2 Dabei begleitete er verschiedene Projekte, z.B. für Unilever (Blog, Facebook-Kampagne usw.). Vgl. HSvL Interview.

3 Dabei hatte er gleich verschiedene Kundenkontakte: Redwell Infrarotheizungen und Internatsgymnasium Schule Marienau sowie teilweise schon die Stadtwerke Uelzen; 2016 dann Mercedes-Benz, Forsthaus und Klostermühle Heiligenberg. Aktuell betreut er die Stadtwerke Uelzen sowie Forsthaus und Klostermühle Heiligenberg, ein Resort, komplett. „Wir haben das in unserer Agentur nach Kunden aufgeteilt.“ (HSvL Interview)
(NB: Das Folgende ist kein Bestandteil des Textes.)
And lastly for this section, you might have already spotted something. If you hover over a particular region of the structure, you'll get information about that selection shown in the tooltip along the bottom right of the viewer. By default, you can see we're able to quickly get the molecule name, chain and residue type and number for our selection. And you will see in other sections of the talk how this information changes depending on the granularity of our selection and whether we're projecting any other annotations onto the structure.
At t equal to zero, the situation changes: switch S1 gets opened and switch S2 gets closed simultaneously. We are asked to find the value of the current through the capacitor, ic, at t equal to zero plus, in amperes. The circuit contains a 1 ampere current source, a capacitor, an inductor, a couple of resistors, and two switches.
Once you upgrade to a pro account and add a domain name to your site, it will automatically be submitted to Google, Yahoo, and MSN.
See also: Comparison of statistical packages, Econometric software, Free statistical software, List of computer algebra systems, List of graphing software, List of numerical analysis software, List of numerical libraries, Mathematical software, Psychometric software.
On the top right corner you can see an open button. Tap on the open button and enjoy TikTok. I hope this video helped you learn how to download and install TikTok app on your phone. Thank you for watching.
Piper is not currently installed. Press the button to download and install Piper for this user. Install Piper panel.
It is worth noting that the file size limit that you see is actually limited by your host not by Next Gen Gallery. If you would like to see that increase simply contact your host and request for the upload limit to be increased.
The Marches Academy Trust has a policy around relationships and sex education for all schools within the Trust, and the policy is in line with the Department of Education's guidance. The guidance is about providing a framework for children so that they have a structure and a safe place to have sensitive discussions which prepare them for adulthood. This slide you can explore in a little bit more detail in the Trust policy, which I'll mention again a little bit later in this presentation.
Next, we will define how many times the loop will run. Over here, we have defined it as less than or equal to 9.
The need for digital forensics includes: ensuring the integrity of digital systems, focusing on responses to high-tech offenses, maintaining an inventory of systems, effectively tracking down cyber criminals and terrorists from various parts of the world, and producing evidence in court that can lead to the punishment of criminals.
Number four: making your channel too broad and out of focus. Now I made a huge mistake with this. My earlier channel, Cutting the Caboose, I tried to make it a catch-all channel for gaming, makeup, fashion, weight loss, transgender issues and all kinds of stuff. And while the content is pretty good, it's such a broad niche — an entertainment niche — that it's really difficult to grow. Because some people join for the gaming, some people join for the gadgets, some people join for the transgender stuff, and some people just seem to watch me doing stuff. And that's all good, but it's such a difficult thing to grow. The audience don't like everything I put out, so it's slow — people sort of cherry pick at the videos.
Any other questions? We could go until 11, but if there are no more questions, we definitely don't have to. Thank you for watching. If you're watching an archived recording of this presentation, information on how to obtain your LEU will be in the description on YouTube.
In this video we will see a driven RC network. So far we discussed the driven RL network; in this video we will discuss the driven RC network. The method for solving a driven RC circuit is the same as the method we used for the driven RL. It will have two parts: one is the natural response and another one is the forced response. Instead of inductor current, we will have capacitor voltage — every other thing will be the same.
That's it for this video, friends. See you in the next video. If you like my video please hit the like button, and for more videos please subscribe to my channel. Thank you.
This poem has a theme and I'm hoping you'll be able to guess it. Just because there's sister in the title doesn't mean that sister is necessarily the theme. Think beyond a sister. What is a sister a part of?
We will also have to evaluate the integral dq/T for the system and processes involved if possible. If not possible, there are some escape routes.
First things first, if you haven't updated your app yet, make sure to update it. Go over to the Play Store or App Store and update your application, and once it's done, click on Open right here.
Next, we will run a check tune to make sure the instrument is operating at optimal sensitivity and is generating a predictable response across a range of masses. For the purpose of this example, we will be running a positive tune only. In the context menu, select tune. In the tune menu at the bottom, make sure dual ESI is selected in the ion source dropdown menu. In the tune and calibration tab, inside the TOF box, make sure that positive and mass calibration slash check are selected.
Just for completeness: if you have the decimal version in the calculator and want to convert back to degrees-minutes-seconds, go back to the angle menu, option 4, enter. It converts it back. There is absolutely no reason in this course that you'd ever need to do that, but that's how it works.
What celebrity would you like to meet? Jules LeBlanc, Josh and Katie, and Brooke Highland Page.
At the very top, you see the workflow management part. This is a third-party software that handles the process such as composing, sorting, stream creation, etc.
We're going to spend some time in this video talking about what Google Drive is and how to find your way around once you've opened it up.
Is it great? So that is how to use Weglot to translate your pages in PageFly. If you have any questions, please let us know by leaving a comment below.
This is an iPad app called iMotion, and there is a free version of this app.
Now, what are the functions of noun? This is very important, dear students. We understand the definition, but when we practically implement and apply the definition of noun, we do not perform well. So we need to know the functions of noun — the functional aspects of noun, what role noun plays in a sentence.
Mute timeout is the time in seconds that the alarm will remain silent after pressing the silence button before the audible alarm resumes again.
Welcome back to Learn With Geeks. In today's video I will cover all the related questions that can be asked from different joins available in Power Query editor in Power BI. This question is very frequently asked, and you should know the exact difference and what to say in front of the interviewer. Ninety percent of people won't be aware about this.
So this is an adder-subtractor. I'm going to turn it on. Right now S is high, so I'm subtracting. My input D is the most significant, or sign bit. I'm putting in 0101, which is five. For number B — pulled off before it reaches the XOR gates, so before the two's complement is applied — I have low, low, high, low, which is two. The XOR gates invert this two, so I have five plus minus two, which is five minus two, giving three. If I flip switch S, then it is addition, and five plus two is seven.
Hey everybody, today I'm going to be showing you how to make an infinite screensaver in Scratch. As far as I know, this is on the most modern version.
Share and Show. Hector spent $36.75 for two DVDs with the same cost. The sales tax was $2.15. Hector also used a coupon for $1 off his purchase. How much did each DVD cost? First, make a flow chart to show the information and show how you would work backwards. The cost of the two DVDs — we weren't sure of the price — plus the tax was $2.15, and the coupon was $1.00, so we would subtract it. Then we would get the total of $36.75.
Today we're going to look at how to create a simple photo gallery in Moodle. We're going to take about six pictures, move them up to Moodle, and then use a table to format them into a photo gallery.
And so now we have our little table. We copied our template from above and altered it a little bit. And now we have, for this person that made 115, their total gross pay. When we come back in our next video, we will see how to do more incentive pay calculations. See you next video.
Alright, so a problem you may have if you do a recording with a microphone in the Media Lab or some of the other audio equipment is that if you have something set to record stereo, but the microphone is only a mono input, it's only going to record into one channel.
Dietrich Schulze van Loon behielt beispielsweise das Mandat des Mineralwasseranbieters Hansa-Heemann. Vgl. W&V Nr. 32, S. 51.

4 Vgl. HSvL Interview. Timo Lommatzsch schied zum Jahresende 2017 aus. Vgl. dazu HSvL und DSvL Interviews.

5 Vgl. Unternehmenswebsite https://orcavanloon.de/#koepfe (Letzter Abruf am 12.3.2019).

6 Dietrich Schulze van Loon ist beispielsweise Beirat der Business Club Hanse Lounge. Vgl. Welt, 17.5.2013, Nr. 113, S. 35.